Broadly speaking Harty’s small cache of orchestral works can be located somewhere to the West of Tchaikovsky. His works are wonderfully well put together and Harty’s inspirations are often convincing; witness the stamp and elan of the Piano Concerto finale. His masterwork is Ode to a Nightingale of which the only recording (Chandos- review) has been made by Heather Harper and the self-same Ulster Orchestra conducted by Bryden Thomson.

The Comedy Overture is all impudent effervescence, Irish dreaminess and majestically sentimental climaxes. The contrast between jackanapes piccolo and full-bottomed bass is splendid. The four colourful movements of the Fantasy Scenes include a pizzicato Dancer’s Reverie with more than a nod towards Tchaikovsky 4, a Lonely in Moonlight which owes a debt towards Mussorgsky’s Dawn on the Moskva and the second movement of Tchaikovsky 5 with its long-lined French Horn solo. In the Slave Market crosses Ispahan with a touch of the Dublin pub. The Piano Concerto combines the rugged and crystalline strengths of Tchaikovsky 1 and Rachmaninov 1 and 2 (listen to the middle movement at 3:40 and the finale at 2:44 and 8:00). Closer to home let’s not forget the Tchaikovskian Haydn Wood piano concerto and the Stanford Second Concerto which famously strikes its own stylistic parallels with Rachmaninov. A toe-tapping, foot-stomping Slavonic finale is regally confident and confidently sentimental. Watch your speed if you play this in the car on the motorway. It’s one of my favourites among piano concertos - easily as good as the Arensky - another work I urge you to hear if you don’t already know it.
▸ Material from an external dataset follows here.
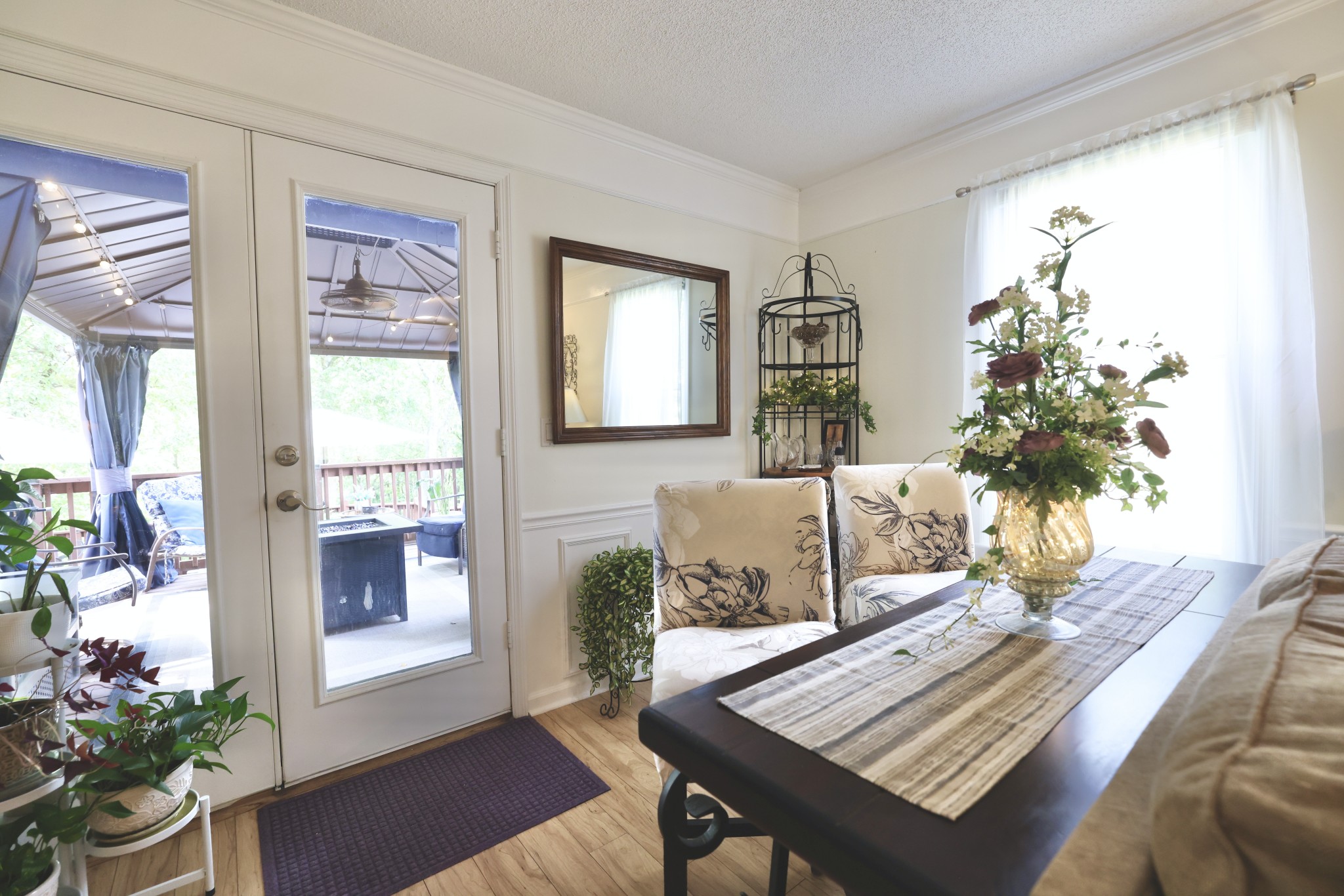 1809 Hidden Ridge Circle Mount Juliet, TN 37122 - Photo 9 of 45 a living room with furniture and a potted plant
This is not the first Harty disc in the Naxos stable. There’s another (Irish Symphony, With The Wild Geese, In Ireland) with the National Symphony Orchestra of Ireland and the conductor Proinssías O Duinn. It’s similarly successful:-
http://www.musicweb-international.com/classrev/2001/Feb01/harty.htm
http://www.musicweb-international.com/classrev/2001/Mar01/Harty.htm

The Chandos box contains all the most important works but omits both the Fantasy Scenes and the still unrecorded Whitman setting The Mystic Trumpeter (baritone and orchestra). Bryden Thomson conducts the Ulster Orchestra in one of their finest hours. Chandos recorded virtually all the orchestral music and it’s reviewed here on: http://www.musicweb-international.com/classrev/2000/oct00/harty.htm

This disc is not quite as sumptuously recorded as the Chandos box but there’s not that much in it. In its own terms it sounds nothing short of splendid.

Serious fans must get the Chandos box but as a single disc invitation card to the refulgent talent of Hamilton Harty this Naxos CD is at the top of the list. Hartyites must have the Naxos because it includes the first recording of the orchestral version of the Fantasy Scenes.